Short text fragments from websites:
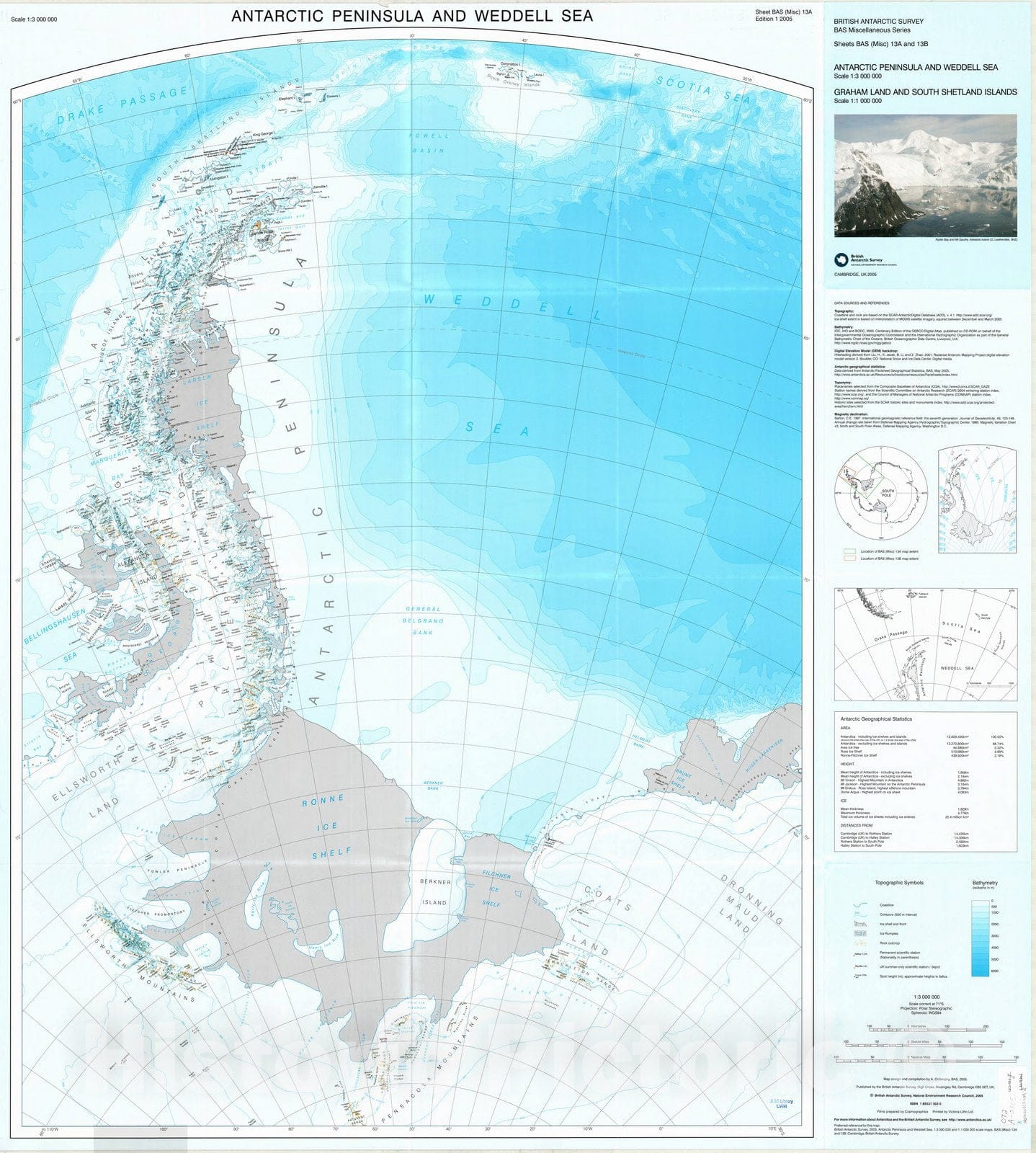 Map : Antarctic Peninsula 2005 2, Antarctic Peninsula and Weddell Sea , Antique Vintage Reproduction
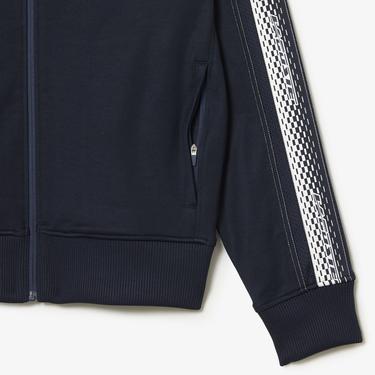  Erkek Regular Fit Fermuarlı Baskılı Lacivert Sweatshirt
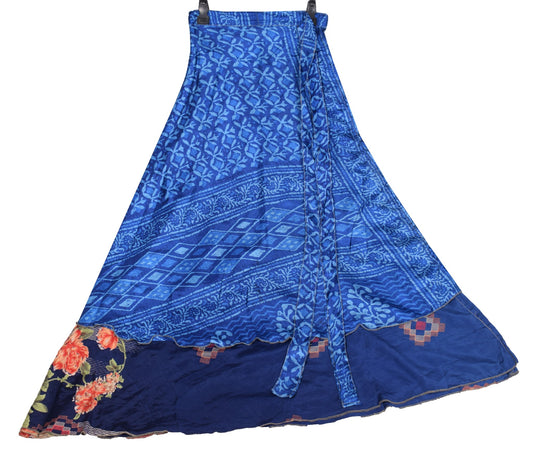 Sushila Vintage Art Silk Saree Magic Wrap Reversible Skirt 2 Layer Blue Dress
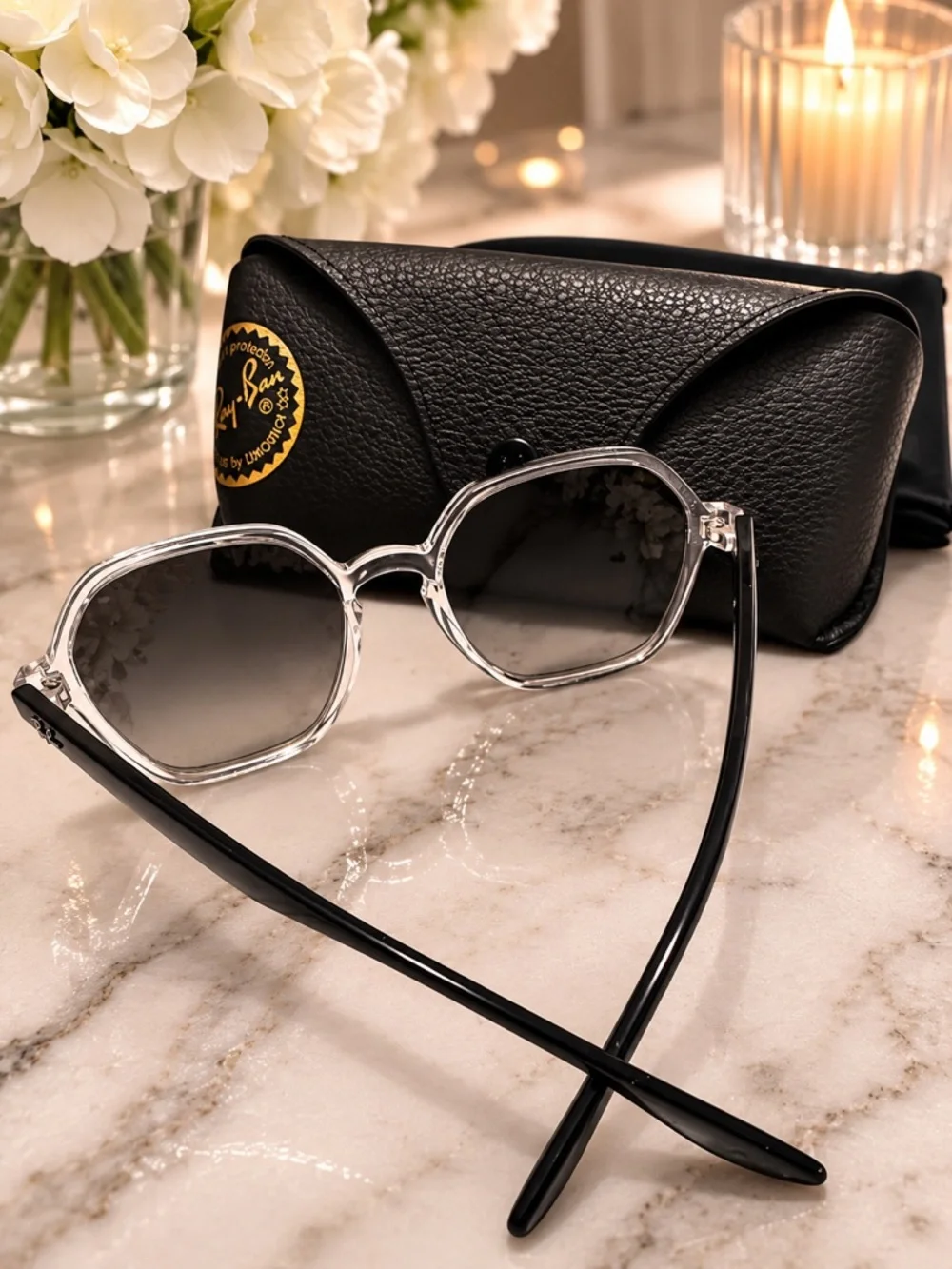 Ray-Ban Clear Gray Gradient Square Sunglasses w/ Case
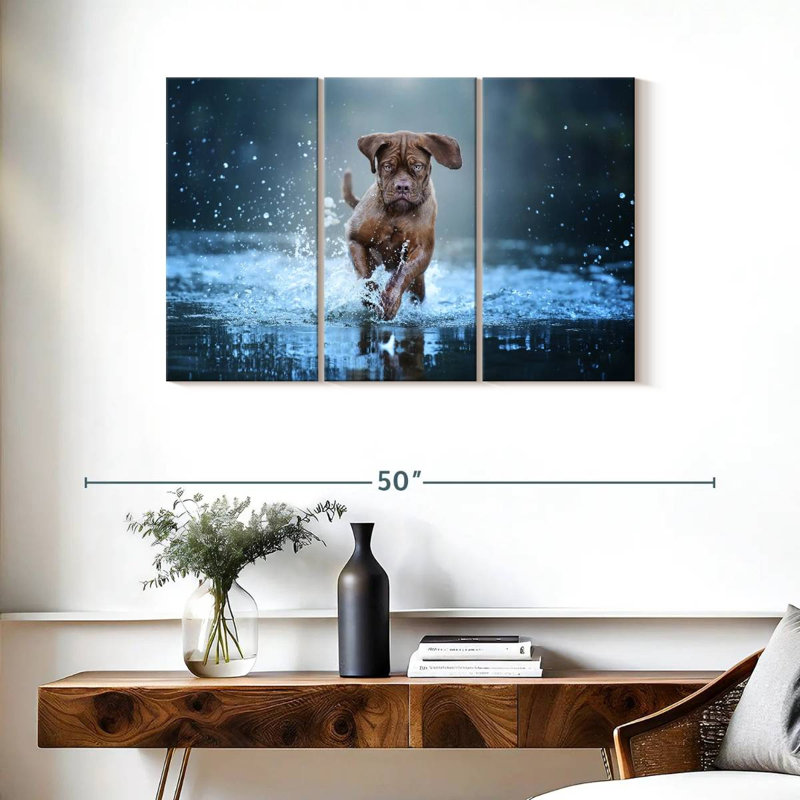 Splashing Mastiff Dog, 24" H x 38" W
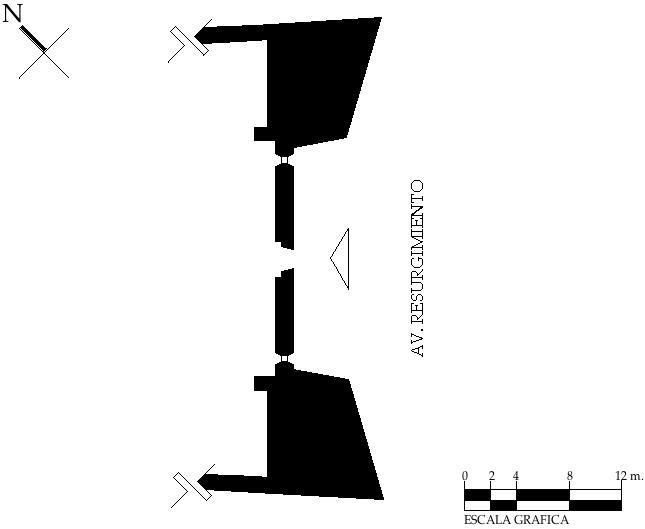 Croquis de levantamiento arquitectónico.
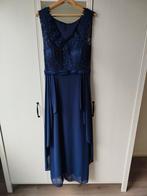 Prachtige blauwe jurk met kanten details, Maat 38/40 (M), Galajurk, Blauw, Nieuw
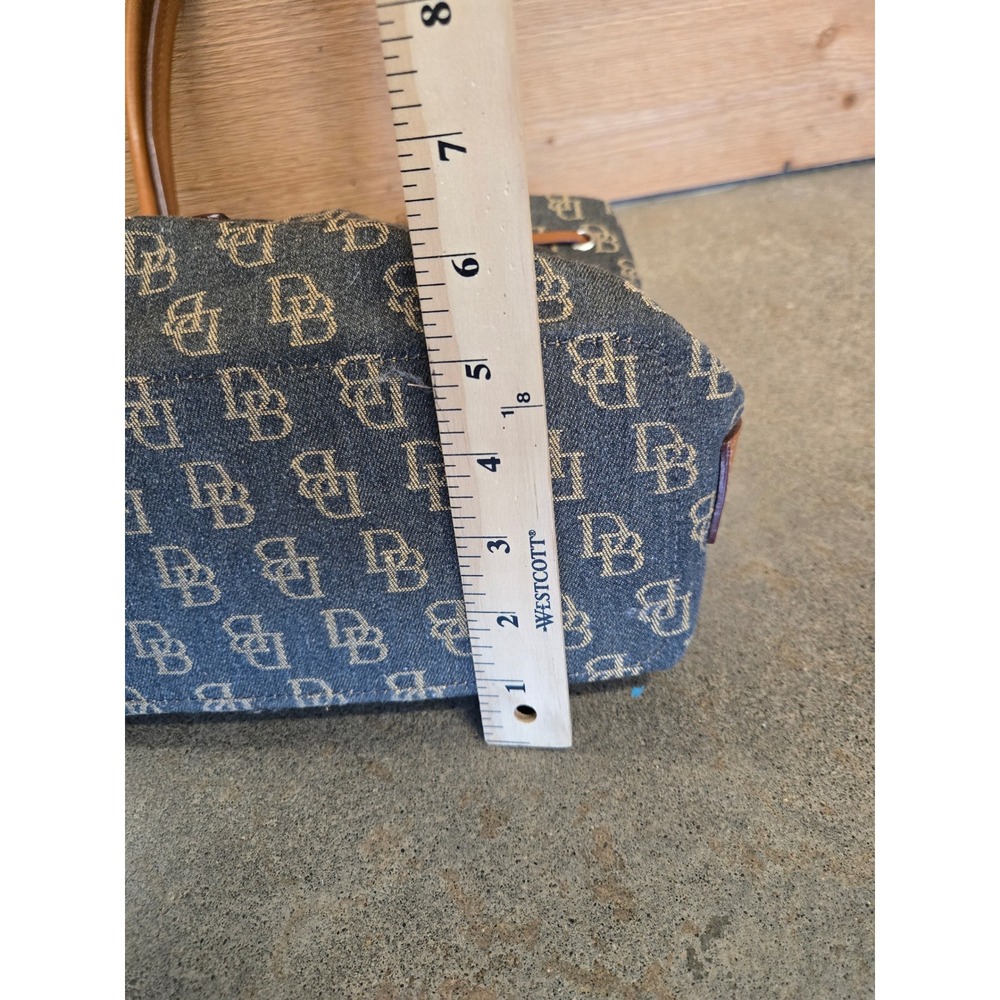 Dooney & Bourke Monogram Denim Canvas Leather Tassel Drawstring Tote Bag OS - Picture 6 of 9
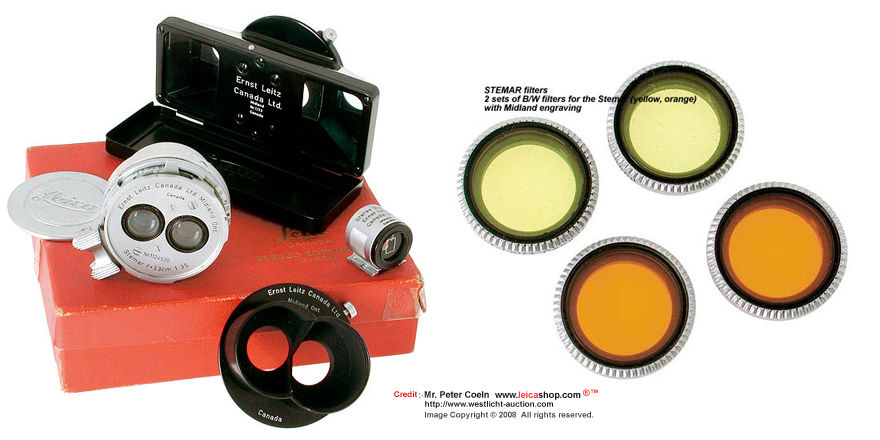 Ernst Leitz STEMAR (Canada)
STEMAR f=3.3cm 1:3.5 Stereo Lens with color filters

** EXERCISE AIM **
Once the pictures are set aside, write out each record exactly.

** REPLY TO THE EXERCISE **
 Map : Antarctic Peninsula 2005 2, Antarctic Peninsula and Weddell Sea , Antique Vintage Reproduction
  Erkek Regular Fit Fermuarlı Baskılı Lacivert Sweatshirt
 Sushila Vintage Art Silk Saree Magic Wrap Reversible Skirt 2 Layer Blue Dress
 Ray-Ban Clear Gray Gradient Square Sunglasses w/ Case
 Splashing Mastiff Dog, 24" H x 38" W
 Croquis de levantamiento arquitectónico.
 Prachtige blauwe jurk met kanten details, Maat 38/40 (M), Galajurk, Blauw, Nieuw
 Dooney & Bourke Monogram Denim Canvas Leather Tassel Drawstring Tote Bag OS - Picture 6 of 9
 Ernst Leitz STEMAR (Canada)
STEMAR f=3.3cm 1:3.5 Stereo Lens with color filters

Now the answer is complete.